Published in final edited form as: ACS Nano. 2008 Oct 28;2(10):2023–2028. doi: 10.1021/nn800325a

Carbon Nanotubes Protect DNA Strands During Cellular Delivery

Yanrong Wu 1, Joseph A Phillips 1, Haipeng Liu 1, Ronghua Yang 1, Weihong Tan 1,*
PMCID: PMC2658617  NIHMSID: NIHMS91063  PMID: 19206447

Abstract

To protect against nuclease digestion, or single-strand binding protein interactions, oligonucleotides for targeted delivery into intracellular systems must be stable. To accomplish this, we have developed single-walled carbon nanotubes as a carrier for single-stranded DNA probe delivery.

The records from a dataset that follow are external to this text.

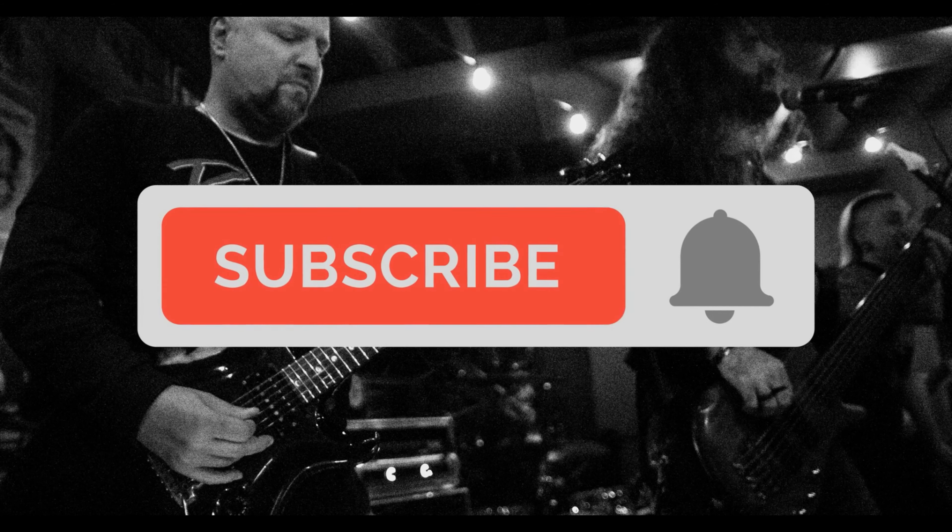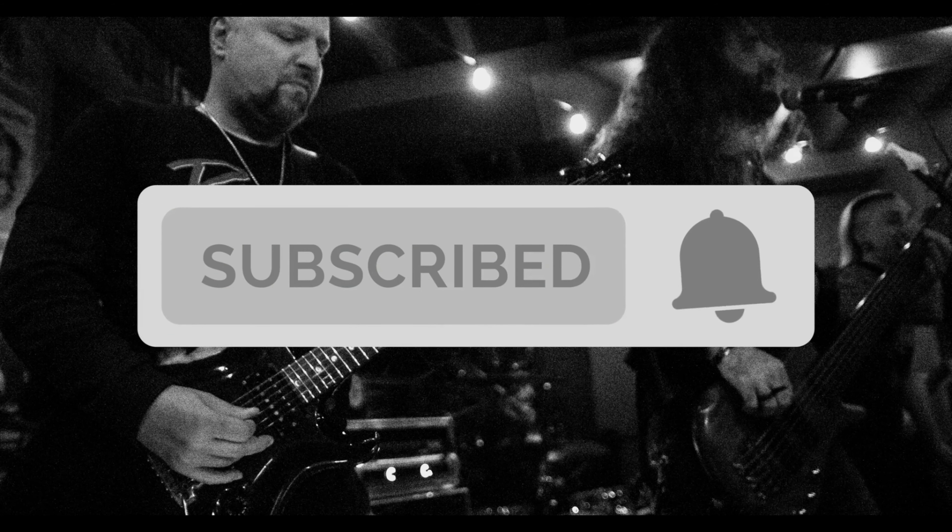Hey friends, don't forget to subscribe and turn on notifications. It makes the whole world better.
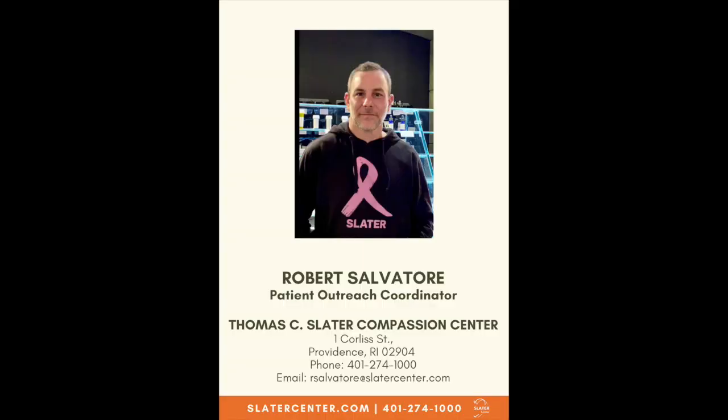My name is Robert Salvatore, I'm the Patient Outreach Coordinator for the Thomas C. Slater Compassion Center. If you have any questions regarding this recording, you can reach me at area code 401-274-1000, or my email will be listed at the end of this recording. Thank you for your time, and we hope you find this video helpful.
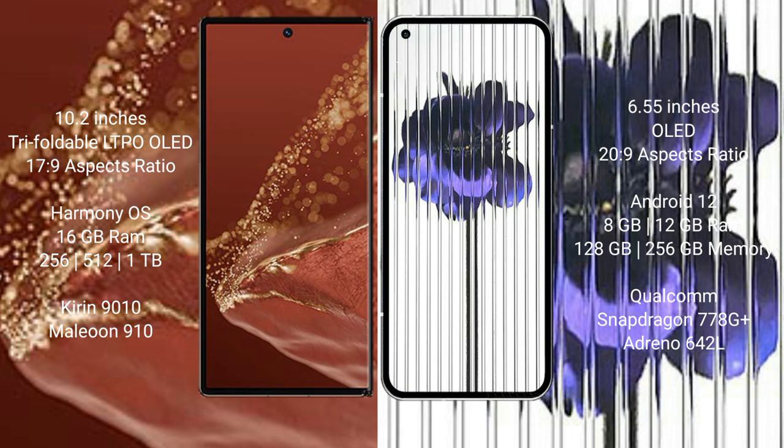Huawei Mate X2 Ultimate runs on the HarmonyOS operating system, while Nothing Phone 1 runs on Android 12. Huawei Mate X2 Ultimate comes with 16GB RAM and 256GB, 512GB, or 1TB internal storage, powered by a Kirin 9000S processor.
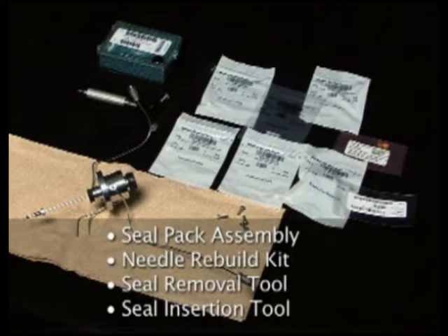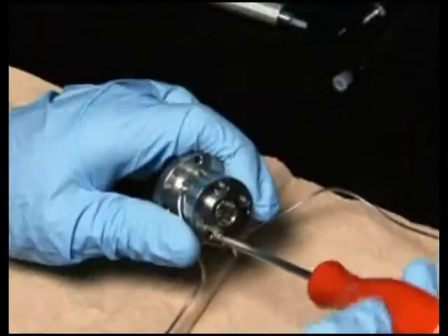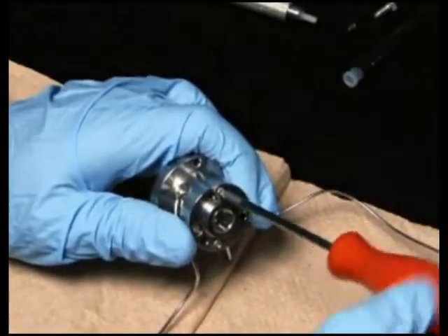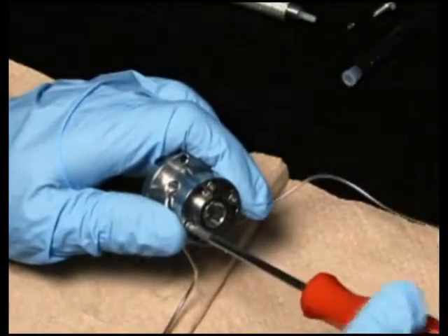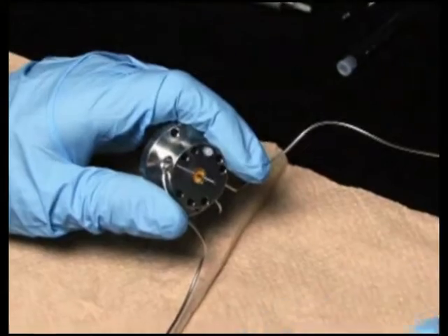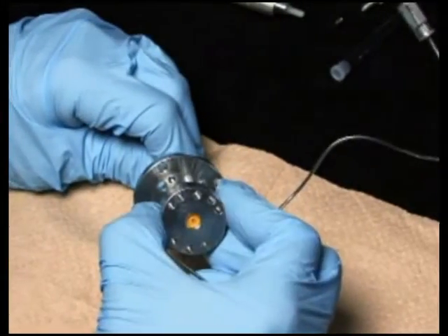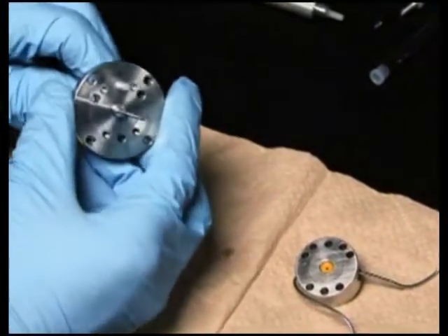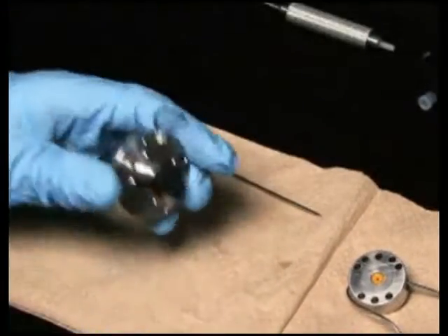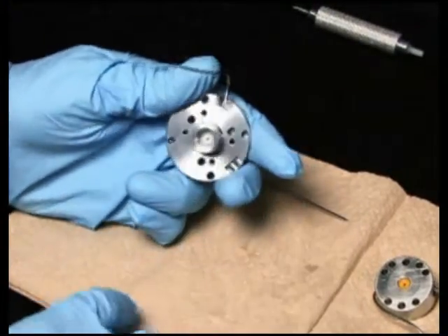To rebuild the seal pack, you will need the seal pack rebuild kit with needle, seal removal tool, and seal insertion tool. Remove the frit retainer from the lower wash body. Separate the upper seal wash body, the seal body, and the lower seal wash body. Using a 9/16 inch open-end wrench, remove the frit retainer from the upper seal wash body and remove the Teflon washer.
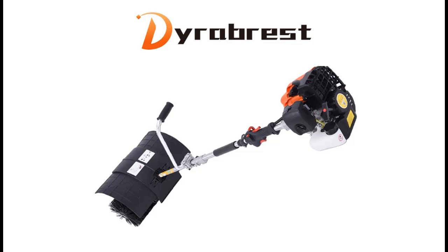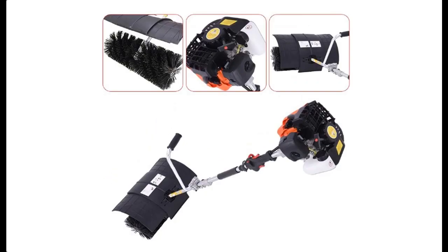Introducing the Dira Handheld Sweeper: a 2-stroke, 52 cubic centimeter, 2.3 HP gas-powered sweeper — a walk-behind broom designed for driveway, turf, and grass cleaning.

This has resulted in superior biostability for intracellular application, and, hence, has achieved the desired protective attributes, which are particularly important when DNA probes are used for intracellular measurements. Specifically, when bound to single-walled carbon nanotubes, DNA probes are protected from enzymatic cleavage and interference from nucleic acid binding proteins. Moreover, and equally important, our study shows that a single-walled carbon nanotube-modified DNA probe, which targets a specific mRNA inside living cells, has increased self-delivery capability and intracellular biostability when compared to free DNA probes. Therefore, this new conjugate provides significant advantages for basic genomic studies in which DNA probes are used to monitor intracellular levels of molecules.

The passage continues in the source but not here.